Strasbourg, 3 May 2007 Dear Ms B.,

On 1 December 2004, you made a complaint to the European Ombudsman concerning an alleged failure by the European Commission to take action on an Article 226 infringement complaint regarding Community environmental legislation.

On 12 January 2005, I forwarded the complaint to the President of the Commission. The Commission sent its opinion on 22 April 2005. I forwarded it to you with an invitation to make observations, which you sent on 25 May 2005.

On 28 September 2005, I decided to conduct further inquiries into your case. I informed you about my decision on that same date.

The Commission sent its reply to my further inquiries on 23 November 2005. I forwarded it to you with an invitation to make observations, which you sent on 6 March 2006.

In your letters of 12 October, 21 November, 5 December, 12 December 2006, and 19 January and 28 February 2007, you informed me about national court proceedings and requested a postponement of my assessment of your case. In my letter of 20 March 2007, I informed you that the circumstances described in your letters did not justify such a measure.

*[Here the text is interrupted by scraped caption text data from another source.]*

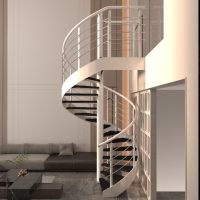 Escalier en colimaçon métallique moderne en acier au carbone, personnalisable, pour villa, grenier, extérieur et intérieur, gain de place, installation facile, prix usine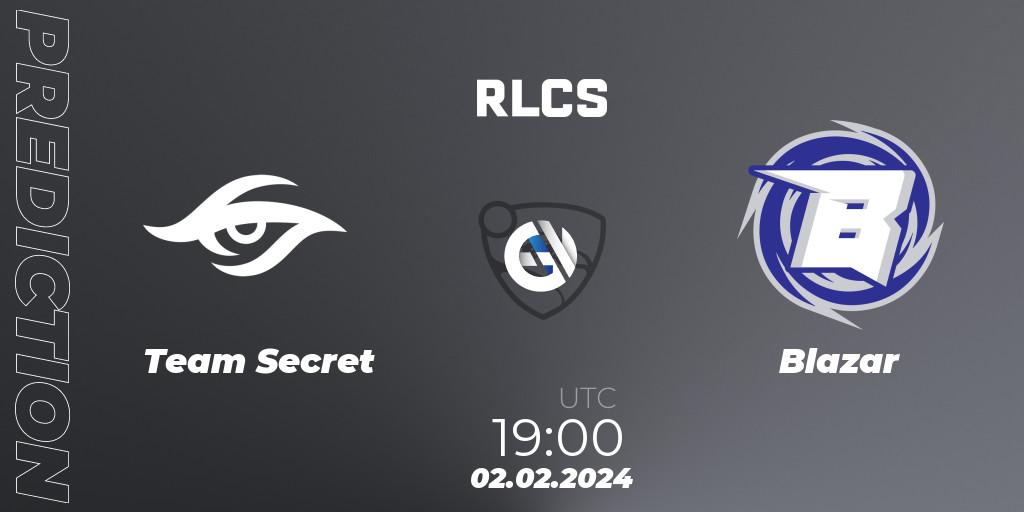 Prognose für das Spiel Team Secret VS Blazar. 02.02.24. Rocket League - RLCS 2024 - Major 1: SAM Open Qualifier 1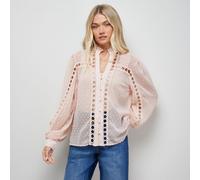 Oasis Dobby Chiffon Trim Detail Button Down Blouse ROSE AMAZONITE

I am writing now to let you know the results of the inquiries that have been made.

To avoid misunderstanding, it is important to recall that the EC Treaty empowers the European Ombudsman to inquire into possible instances of maladministration only in the activities of Community institutions and bodies. The Statute of the European Ombudsman specifically provides that no action by any other authority or person may be the subject of a complaint to the Ombudsman.

The Ombudsman's inquiries into your complaint have therefore been directed towards examining whether there has been maladministration in the activities of the Commission.

THE COMPLAINT

The complaint, submitted by an Irish citizen, concerned an alleged failure by the Commission to take action on an Article 226 infringement complaint (reference P2003/4975) relating to protection of land under Community environmental legislation.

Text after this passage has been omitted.